Strong relationships are the essence of what makes a retainer agreement work, whereas working project to project tends to make you very task-focused.
Retainers give you the opportunity to build lasting, mutually-beneficial relationships with your clients. Essentially, you become a partner in their business: you are able to intimately understand their operation and offer strategic solutions based on their needs.
Clients tend to be very happy when they see tangible results from your work and when they enjoy their working relationship with you. This is when you also see other benefits such as referrals and testimonials.
#4 – More Efficient Workflow
Getting an intimate knowledge of your client’s business from retainers has another distinct benefit – familiarity leads to more efficient workflow. You don’t need the same back and forth you do with new clients, since you understand the client and “get” how they think.
This means it’s easier to develop a pattern of work, especially if you have repetitive tasks to complete for them. The more efficient you become, the more time you have for other things as outlined in #2…
#5 – A Step Toward A Productized Service
Have you thought about when or if you’re going to scale up your business? We discussed this recently in our post on productized services; one of the keys is picking a specific solution to a specific problem and offering that as your service.
Having retainer clients is a great way to discover what the specific problem is that you can solve. Is there a common theme or type of request made from your retainer clients? The difference between the retainer and the productized service is that you will have a very specific scope for what you offer on the productized service, so you avoid doing custom packages for each client. While you may have scope with your retainers (in fact, it’s better if you do), it will tend to cover a broader, more customized range of activities, especially if the client is buying a certain number of hours.

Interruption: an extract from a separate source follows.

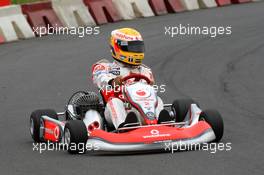 19.07.2007 Nürburg, Germany,  Lewis Hamilton (GBR), McLaren Mercedes, Vodafone Karting Event - Formula 1 World Championship, Rd 10, European Grand Prix, Thursday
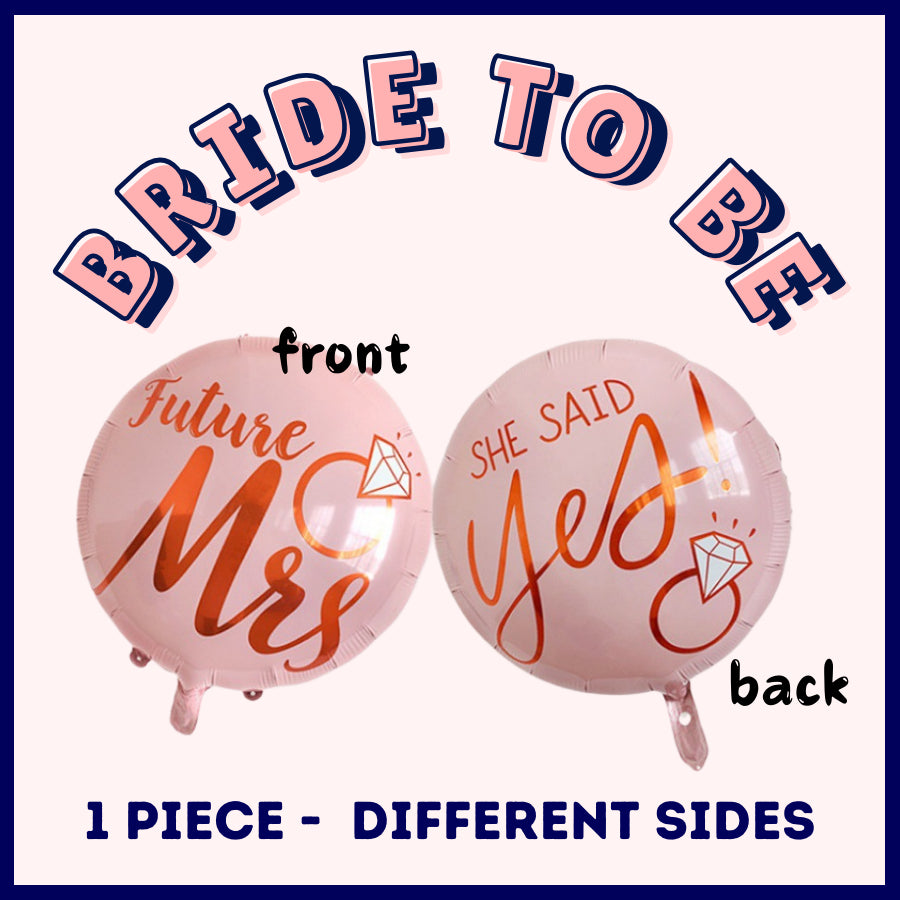 Bride to Be Balloons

Once you’ve identified your productized service, it’s much easier for you to put a replicable system around it so that you’re able to scale up your business.
Some Tips On Retainers
Work with new clients on a project first
Retainers are about building an ongoing relationship with a client, something they may be unwilling to do if they haven’t had experience with your work. On the flipside, you haven’t worked with them yet either, and you really want to understand what you’re getting into before committing to that ongoing relationship (like any relationship!).
What if clients are reluctant to go on retainer?
Sometimes clients are wary of retainers, but that reluctance usually comes down to one of these reasons;
- They feel that any “use it or lose it” allotment of hours could be a scam to expedite their parting with their money.
- They have been burnt previously.
- They can’t see the value in the retainer.
In each of these cases it’s up to you to frame it so that the client can clearly see the value for their own business goals. What impact could your work have on their bottom line? What other value will they see from it? Besides profits, benefits might include freeing up their time, creating a professional impression for their clients, boosting their authority or visibility…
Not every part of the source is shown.